# What the exercise asks
A faithful copy is needed of the lines below from the one with "Citroën C4 X, Elektromotor" up to and including the one with "Berlin from the"; set it down with no pictures and no other lines.

# Data for processing
----
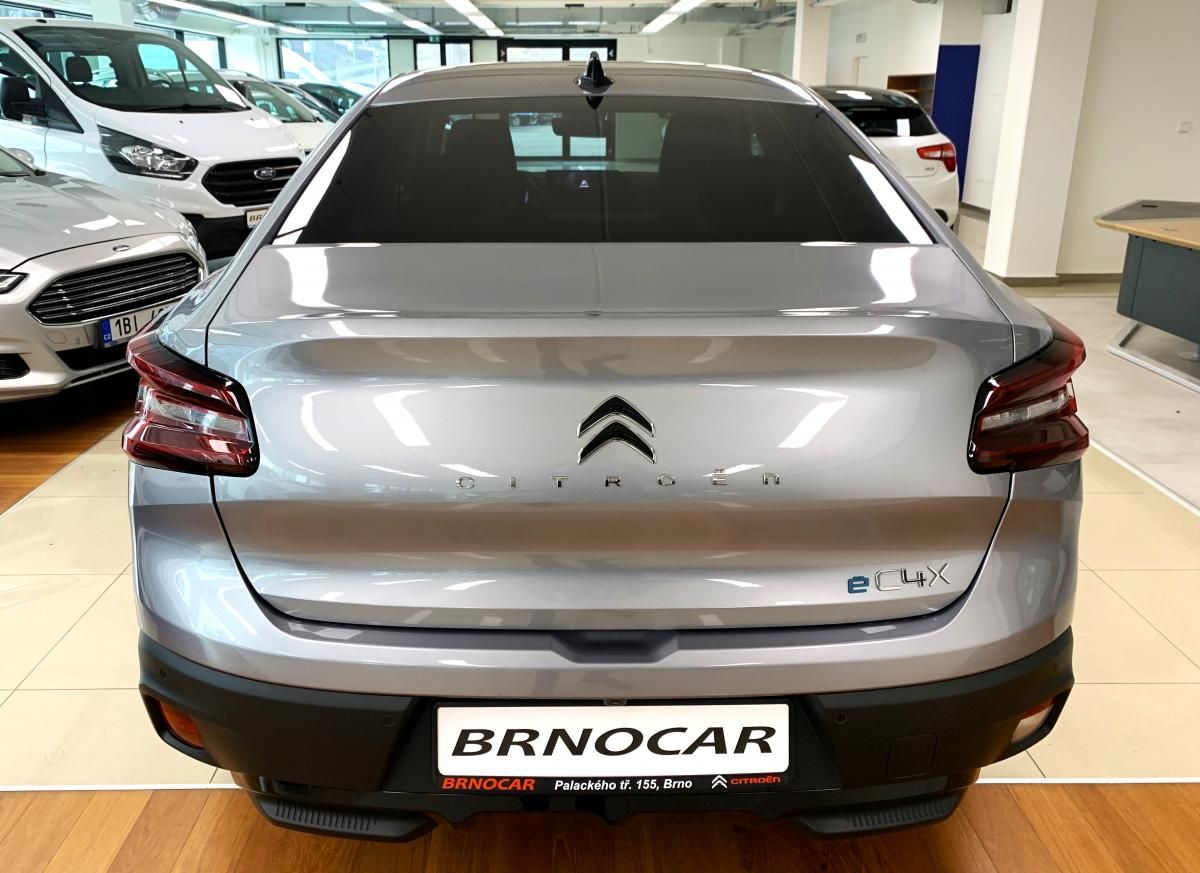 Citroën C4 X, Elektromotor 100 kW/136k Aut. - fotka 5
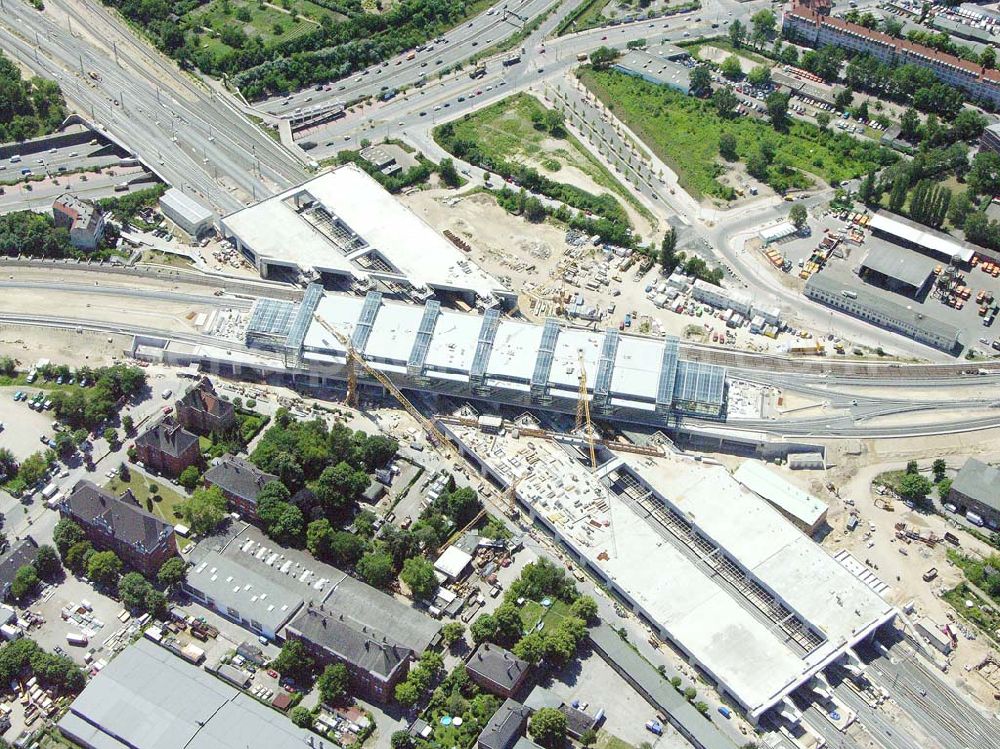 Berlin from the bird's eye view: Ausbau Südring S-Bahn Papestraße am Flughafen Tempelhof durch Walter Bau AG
----
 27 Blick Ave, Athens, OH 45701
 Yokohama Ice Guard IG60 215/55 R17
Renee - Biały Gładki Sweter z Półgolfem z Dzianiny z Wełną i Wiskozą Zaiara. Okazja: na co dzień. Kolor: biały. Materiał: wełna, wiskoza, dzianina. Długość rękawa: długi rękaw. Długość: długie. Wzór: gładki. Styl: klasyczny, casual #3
----
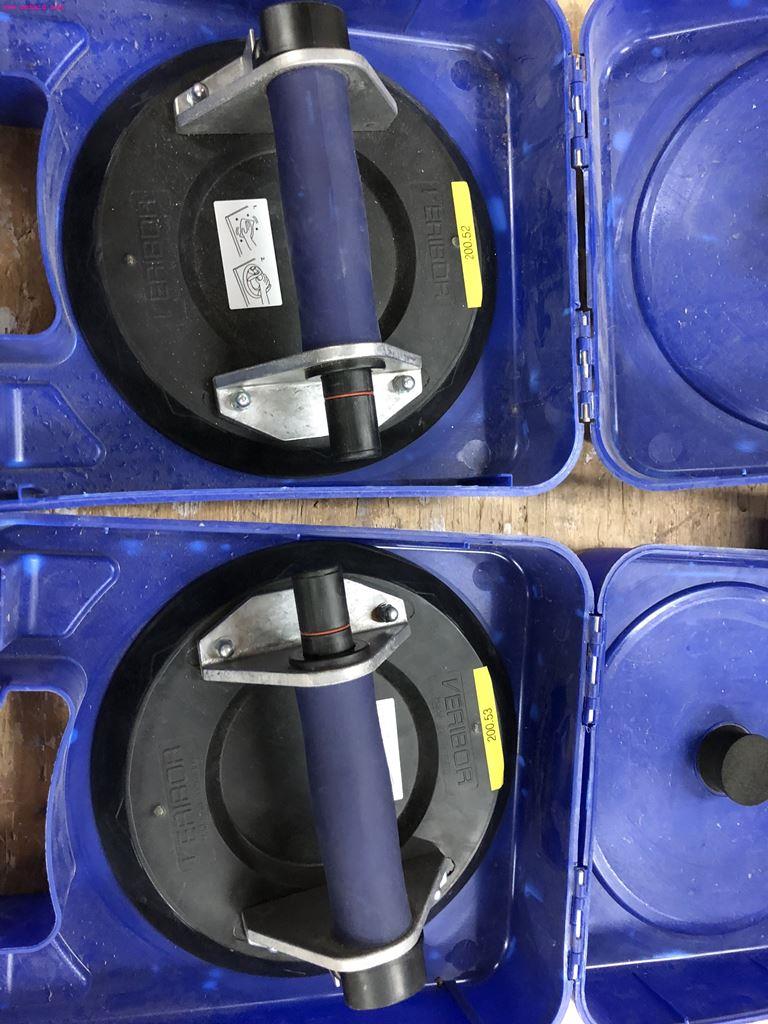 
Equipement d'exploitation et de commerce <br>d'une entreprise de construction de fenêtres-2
----
# Answer to the exercise
 Citroën C4 X, Elektromotor 100 kW/136k Aut. - fotka 5
 Berlin from the bird's eye view: Ausbau Südring S-Bahn Papestraße am Flughafen Tempelhof durch Walter Bau AG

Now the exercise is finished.